Task objective:
Leave the pictures out. Retype exactly the lines below from the one containing "Couple & Pets Acrylic Medallion Ornament" through the one containing "Jan Jan Van", and no others.

Material for the task:

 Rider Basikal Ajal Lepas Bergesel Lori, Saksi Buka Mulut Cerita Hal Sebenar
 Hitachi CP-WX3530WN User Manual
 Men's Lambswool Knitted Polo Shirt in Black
--
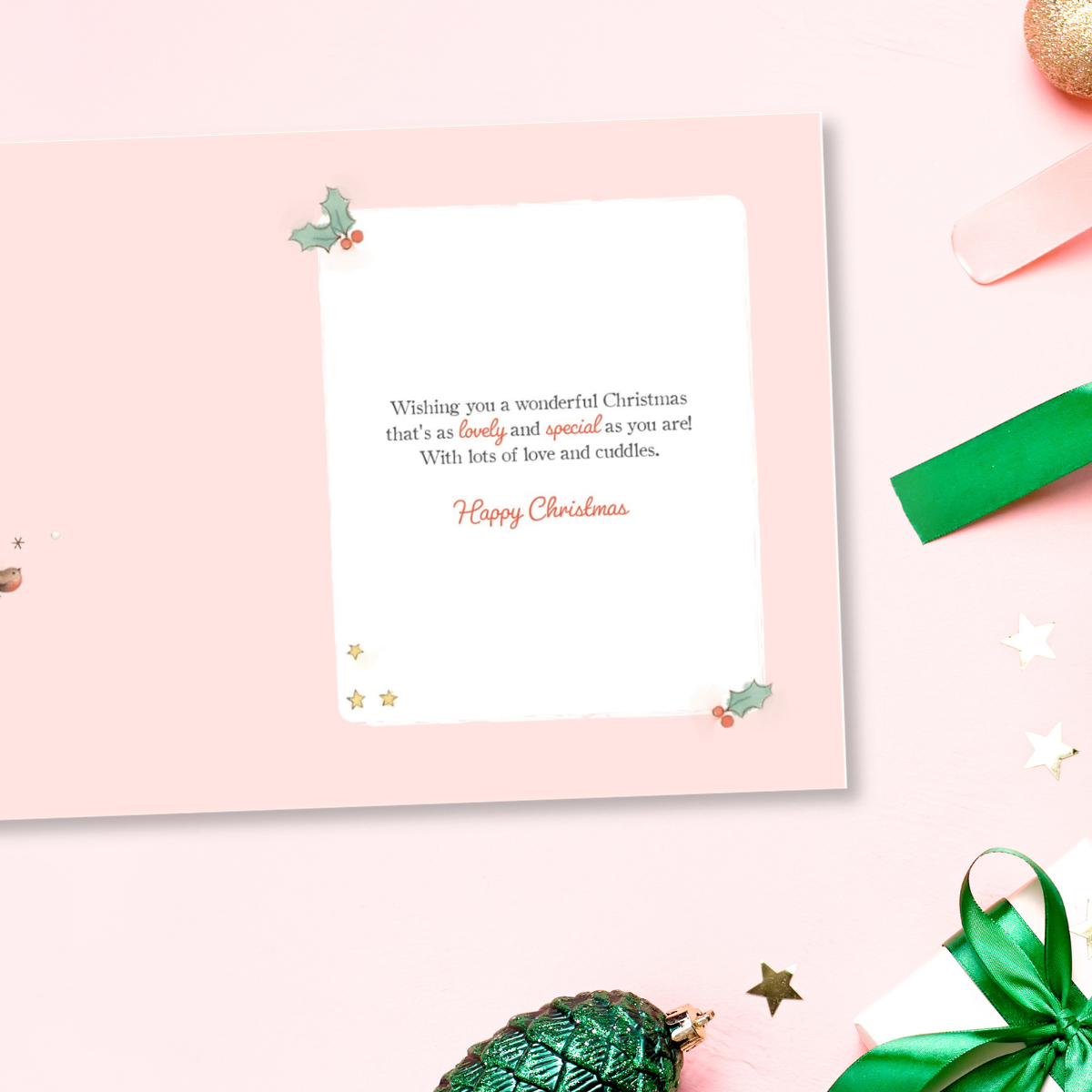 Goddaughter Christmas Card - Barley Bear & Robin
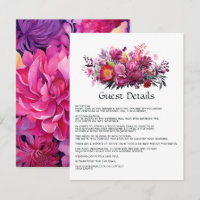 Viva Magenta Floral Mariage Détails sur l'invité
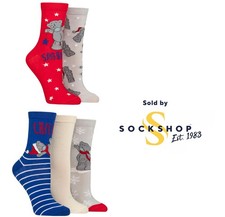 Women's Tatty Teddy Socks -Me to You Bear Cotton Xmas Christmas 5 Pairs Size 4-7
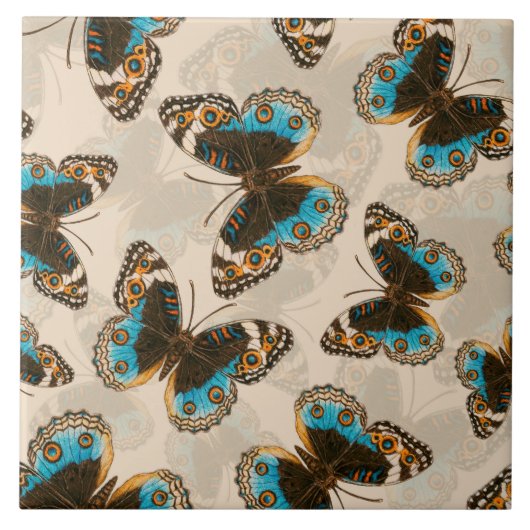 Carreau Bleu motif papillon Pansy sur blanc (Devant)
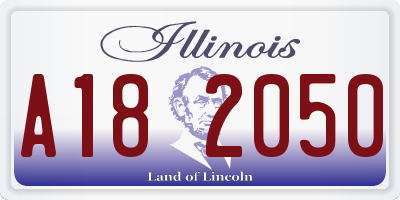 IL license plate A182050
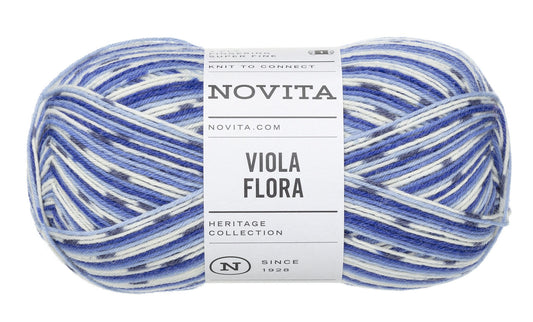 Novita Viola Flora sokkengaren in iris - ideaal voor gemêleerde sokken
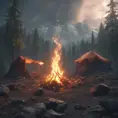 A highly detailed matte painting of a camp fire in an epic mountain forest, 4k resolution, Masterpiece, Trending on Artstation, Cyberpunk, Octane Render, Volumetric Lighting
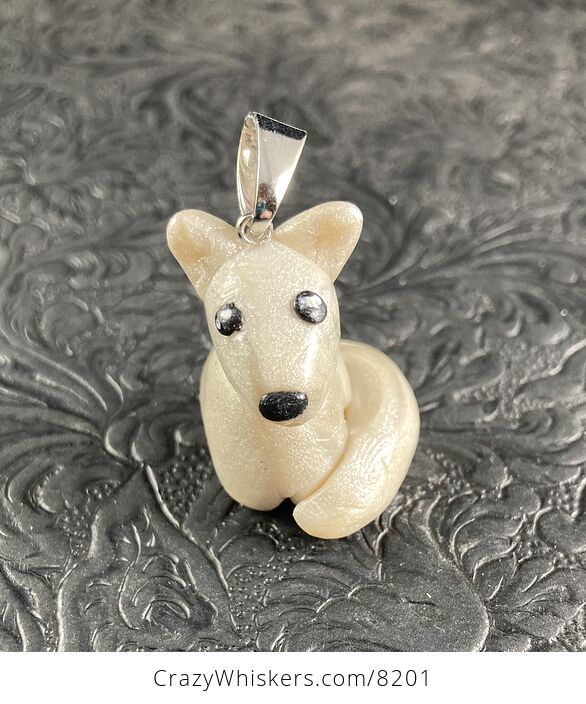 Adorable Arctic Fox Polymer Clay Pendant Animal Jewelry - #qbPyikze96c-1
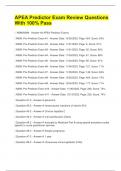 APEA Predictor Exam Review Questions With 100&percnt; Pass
* * *
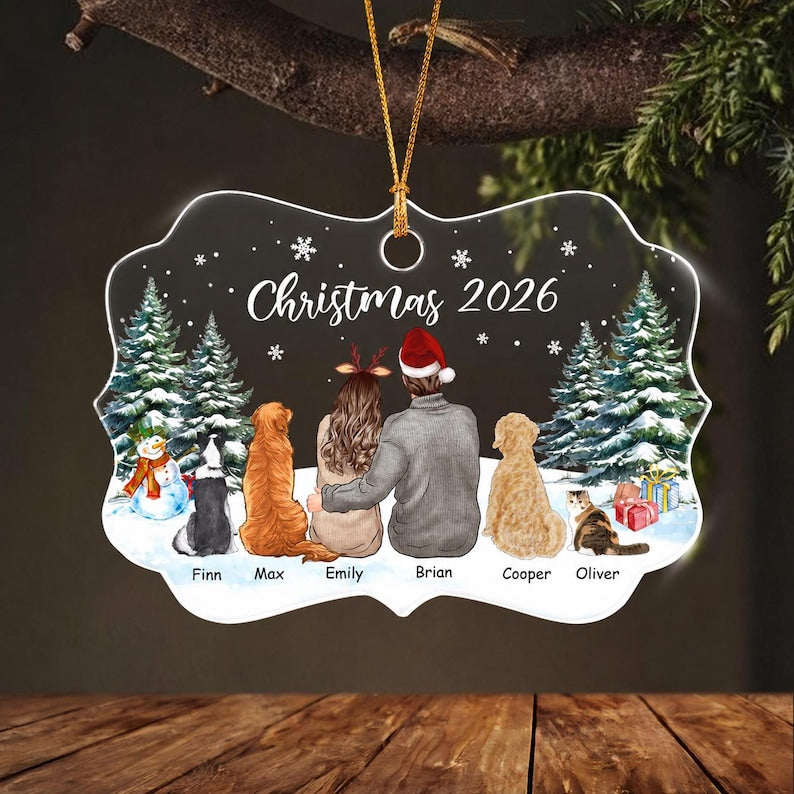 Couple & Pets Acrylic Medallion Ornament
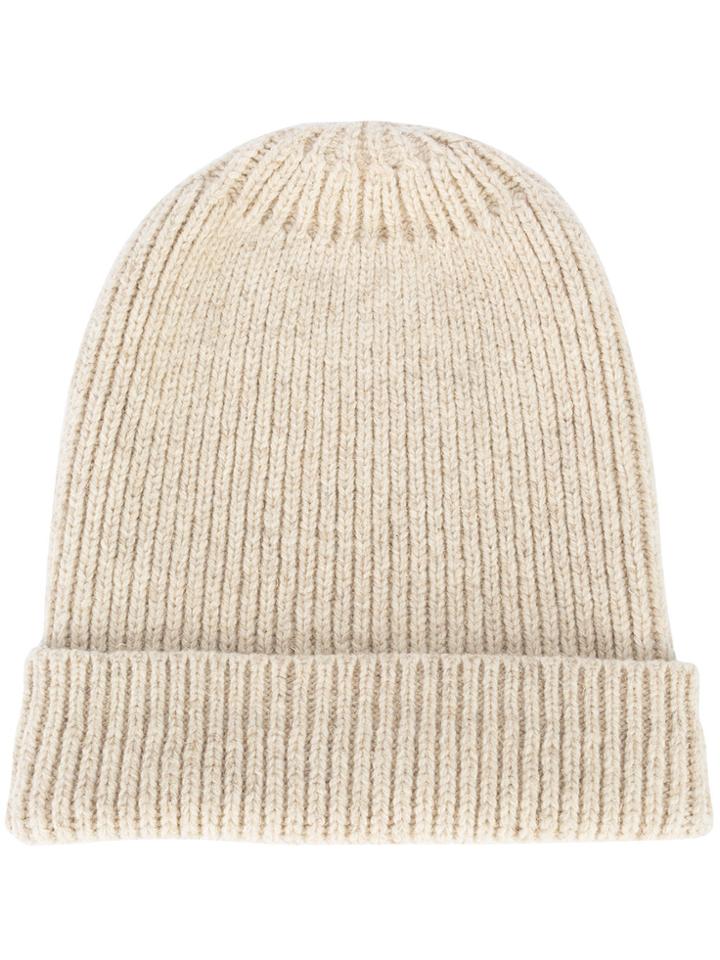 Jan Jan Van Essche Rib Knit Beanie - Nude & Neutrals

The completed task:
 Couple & Pets Acrylic Medallion Ornament
 Jan Jan Van Essche Rib Knit Beanie - Nude & Neutrals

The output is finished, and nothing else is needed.